Could you retype exactly the lines below between the one holding "Vintage Christmas lights, New" and the one holding "4000 HP Sniper", inclusive, leaving out any pictures?

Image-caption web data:
#####

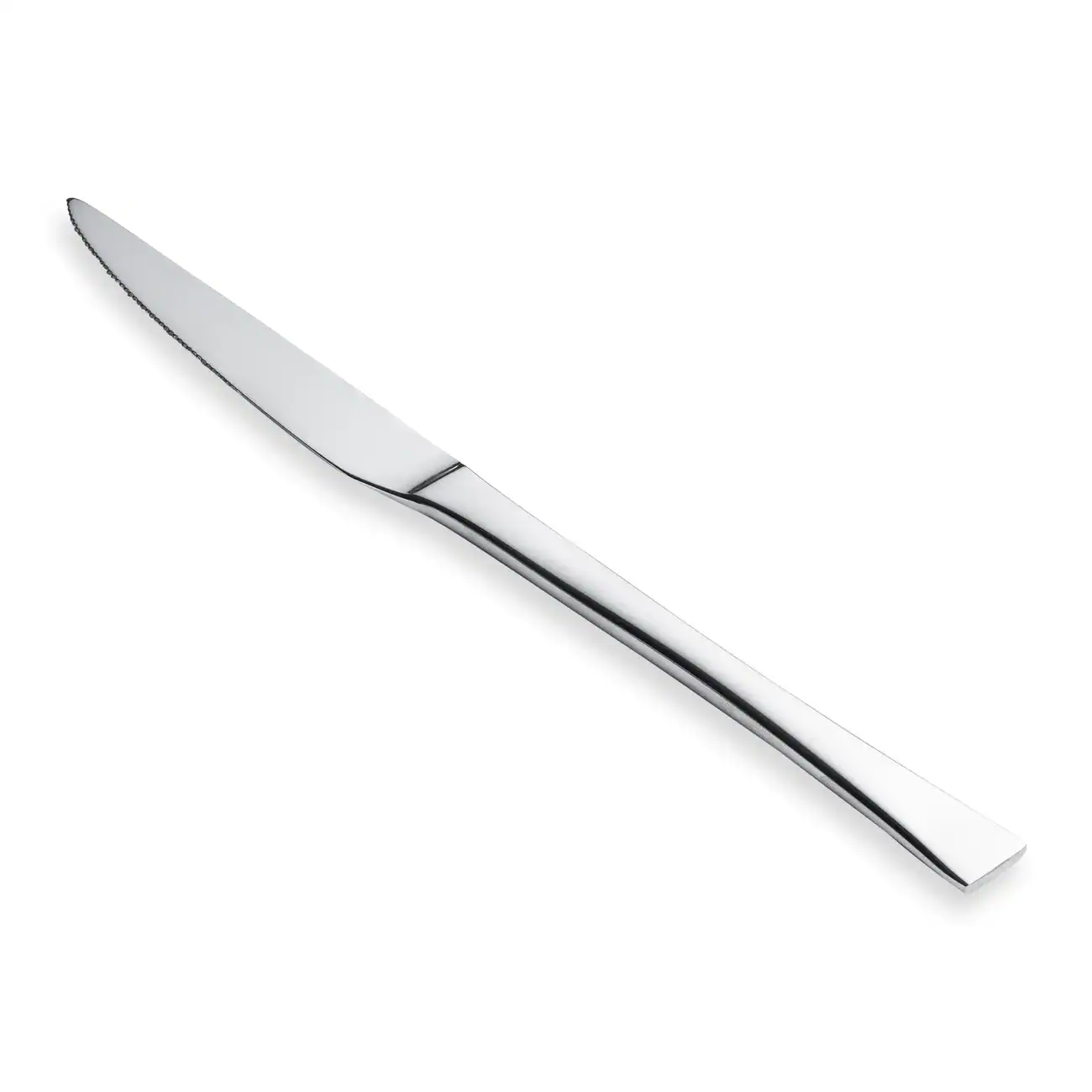 stainless-steel table knives Cuchillos chuleteros de acero inoxidable en set de 3 unidades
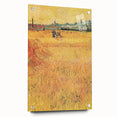 Impressionist Wheat Field Art - Inspired by Van Gogh's Arles Landscape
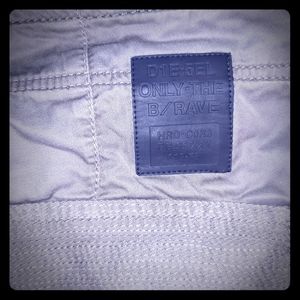 Mens Deisel cargos with skinny ankles size 36x30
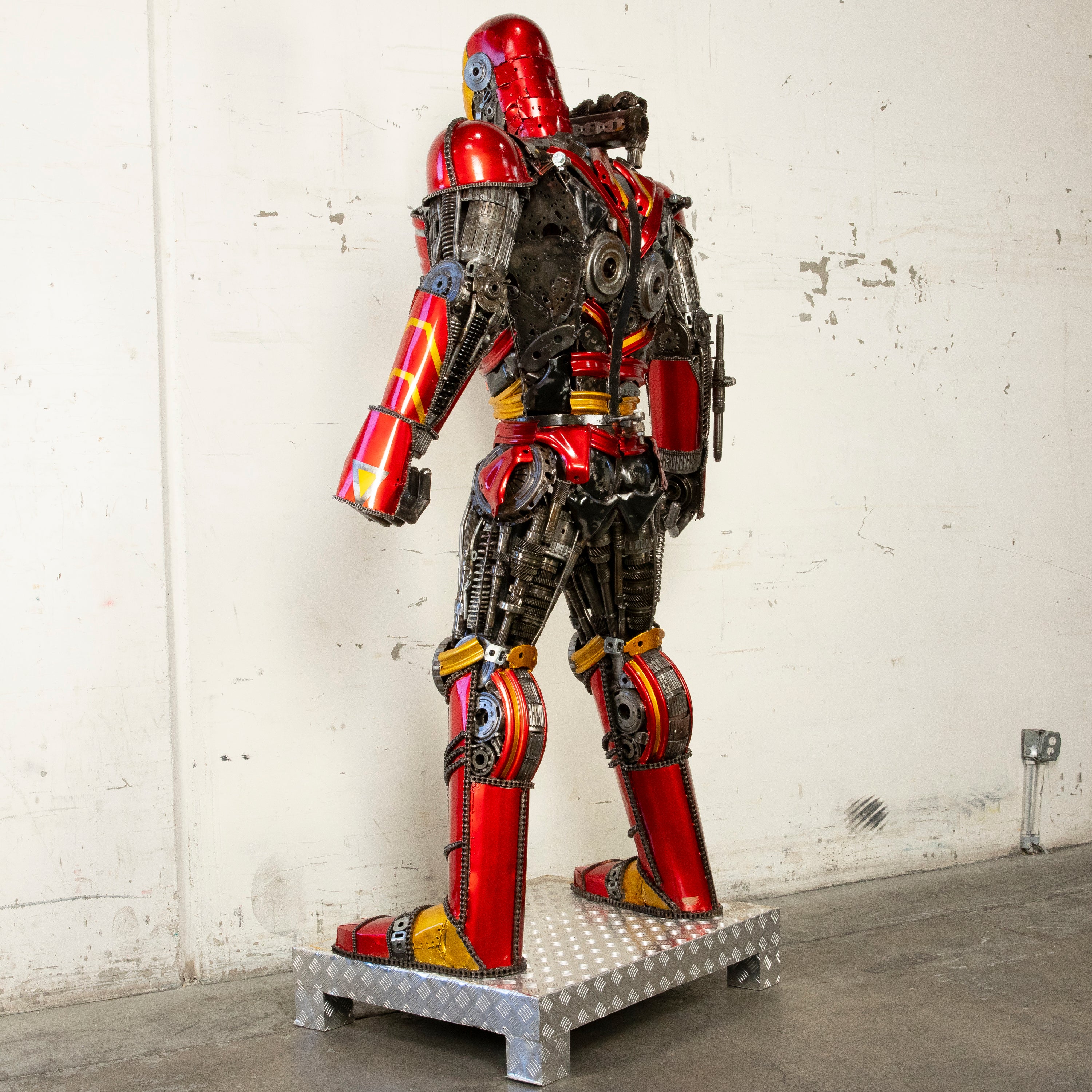 91" Iron Man Inspired Recycled Metal Art Sculpture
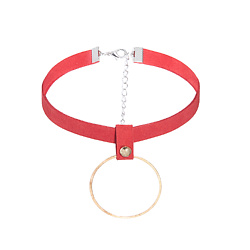 Вызывающий чокер с кольцом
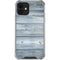 Weathered Blue Wood iPhone 12 Mini Clear Case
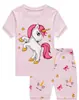 Novas Roupas de Casa de Manga Curta com Elefantinho para Bebês Meninas, Conjunto de Verão Infantil, Roupas para Ar Condicionado, Pijama Cartoon K031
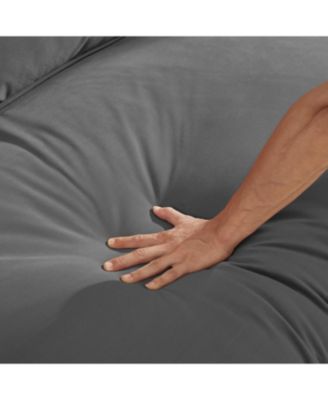 Modular Sectional Sofa with Storage, Gray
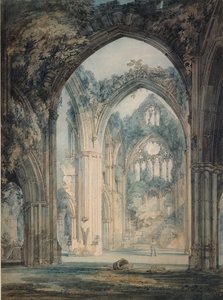 Transepto de la Abadía de Tintern, Monmouthshire, c. 1794 de Joseph Mallord William Turner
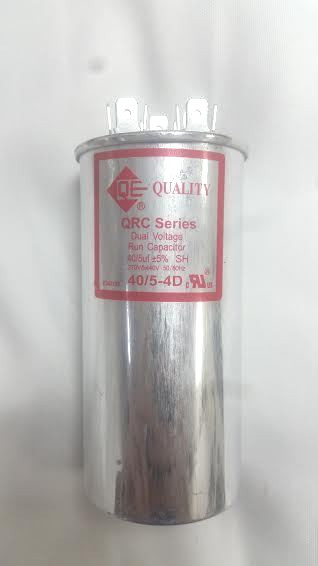 Motor Run Capacitor Dual 40+5mfd 40uf 40mfd 5uf 370VAC 440V Round Metallized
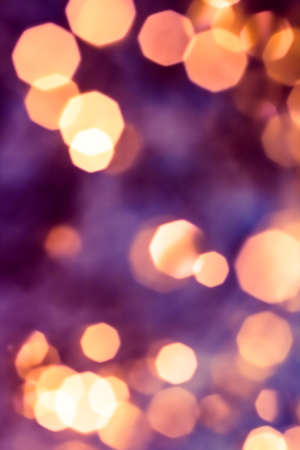 Vintage Christmas lights, New Years Eve fireworks and abstract texture concept - Glamorous golden...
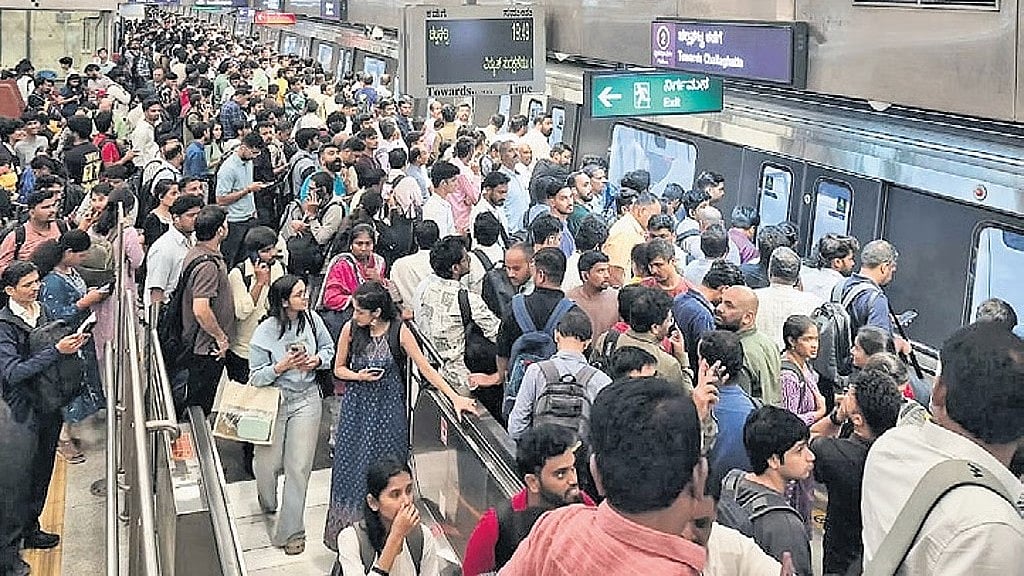 2024ರಿಂದ 20 ಬಾರಿ Namma Metro ಸೇವೆಯಲ್ಲಿ ಅಡಚಣೆ: ಸಚಿವ ಕೃಷ್ಣಬೈರೇಗೌಡಗೆ ತೇಜಸ್ವಿ ಸೂರ್ಯ ಪತ್ರ!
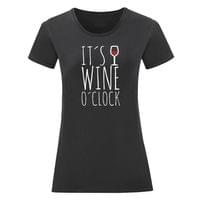 Дамска тениска "Wine o'clock" - small - 0 Дамска тениска "Wine o'clock" - small - 0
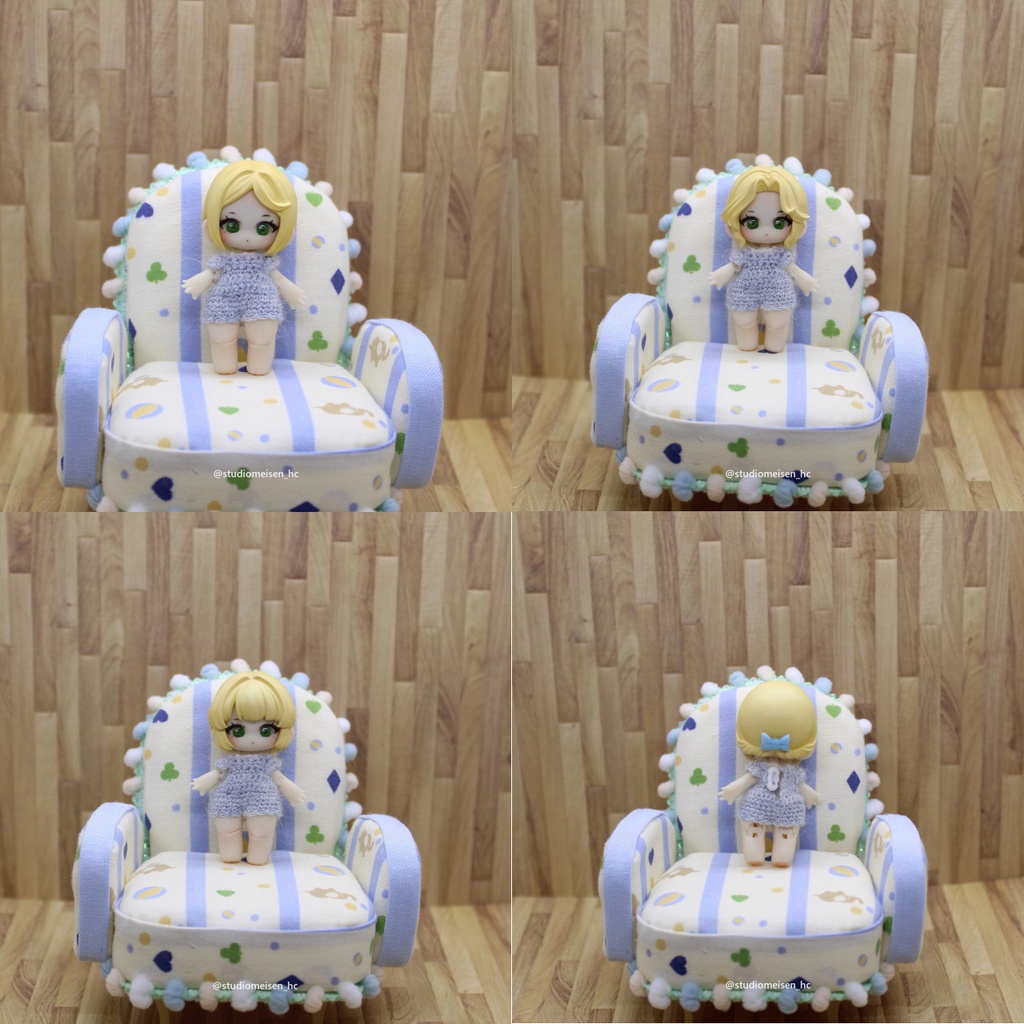 〔レジンウィッグAタイプ〕小さな子犬わたあめ(5cmサイズ)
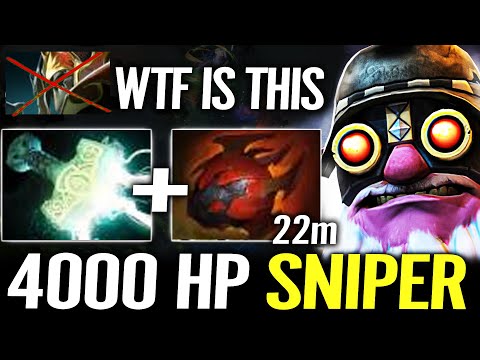 4000 HP Sniper WTF Build - 2nd Item Heart of Tarrasque Dota 2
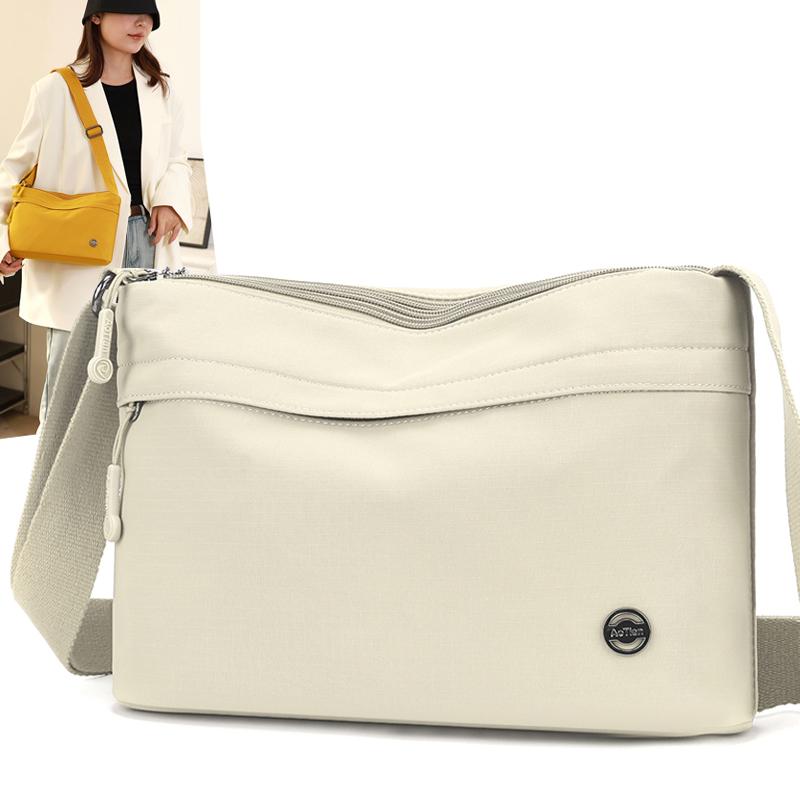 Dámská taška Oxford přes rameno crossbody vícevrstvá taška pro dojíždění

#####

Result for this exercise:
 Vintage Christmas lights, New Years Eve fireworks and abstract texture concept - Glamorous golden...
 2024ರಿಂದ 20 ಬಾರಿ Namma Metro ಸೇವೆಯಲ್ಲಿ ಅಡಚಣೆ: ಸಚಿವ ಕೃಷ್ಣಬೈರೇಗೌಡಗೆ ತೇಜಸ್ವಿ ಸೂರ್ಯ ಪತ್ರ!
 Дамска тениска "Wine o'clock" - small - 0 Дамска тениска "Wine o'clock" - small - 0
 〔レジンウィッグAタイプ〕小さな子犬わたあめ(5cmサイズ)
 4000 HP Sniper WTF Build - 2nd Item Heart of Tarrasque Dota 2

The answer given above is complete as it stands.